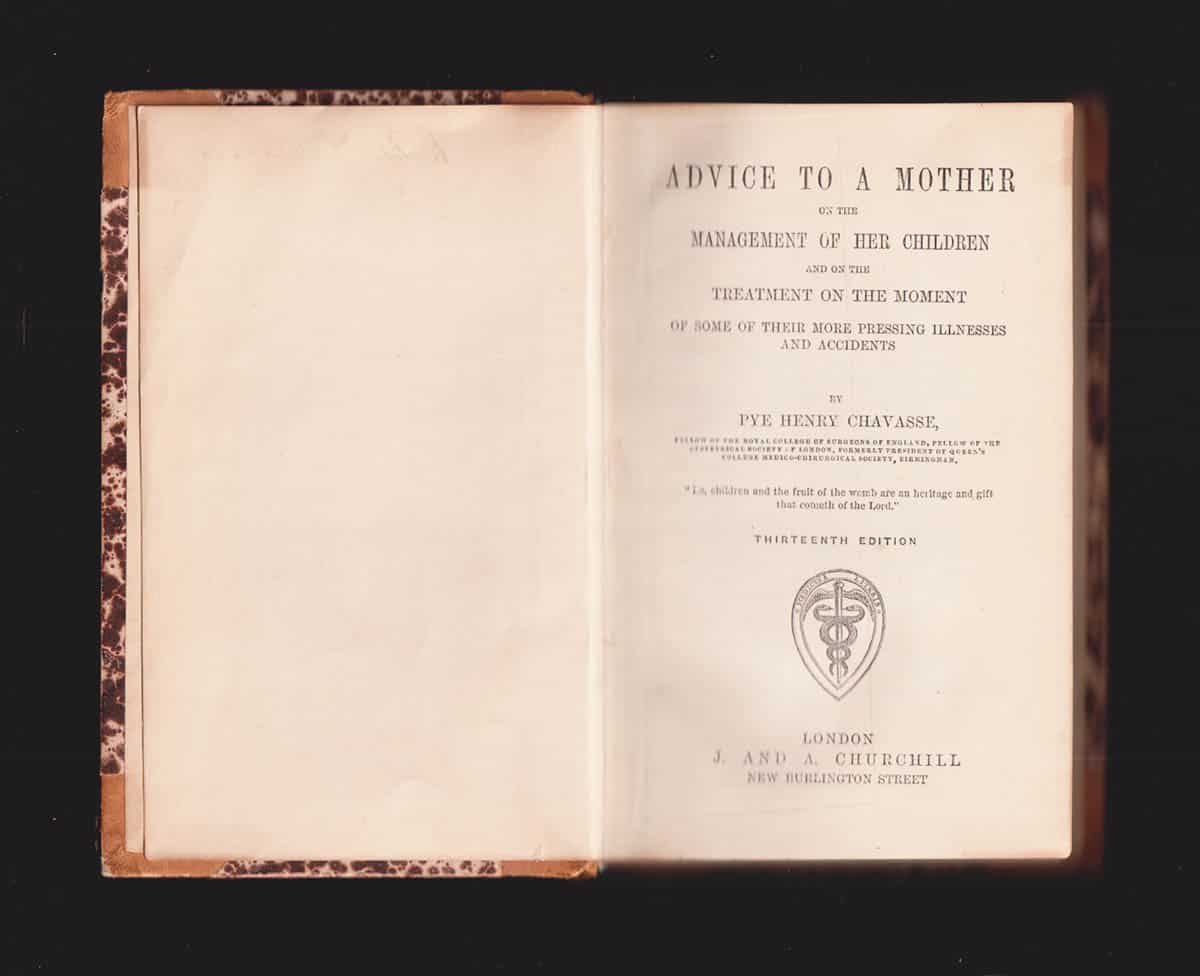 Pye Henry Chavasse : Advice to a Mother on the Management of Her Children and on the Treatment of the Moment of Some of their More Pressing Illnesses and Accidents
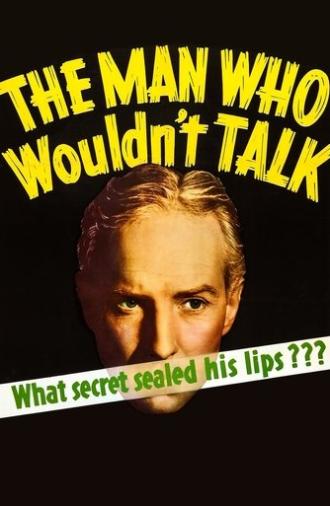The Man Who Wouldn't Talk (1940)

------------

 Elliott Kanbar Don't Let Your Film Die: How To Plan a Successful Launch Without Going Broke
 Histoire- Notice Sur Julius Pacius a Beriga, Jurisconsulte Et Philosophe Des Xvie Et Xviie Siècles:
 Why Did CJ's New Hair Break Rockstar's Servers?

------------

▶ Assignment:
Looking above, find the stretch of lines that opens with the one holding "Pye Henry Chavasse" and closes with the one holding "The Man Who Wouldn't Talk (1940)". Copy it exactly, pictures excluded.

▶ Response:
 Pye Henry Chavasse : Advice to a Mother on the Management of Her Children and on the Treatment of the Moment of Some of their More Pressing Illnesses and Accidents
The Man Who Wouldn't Talk (1940)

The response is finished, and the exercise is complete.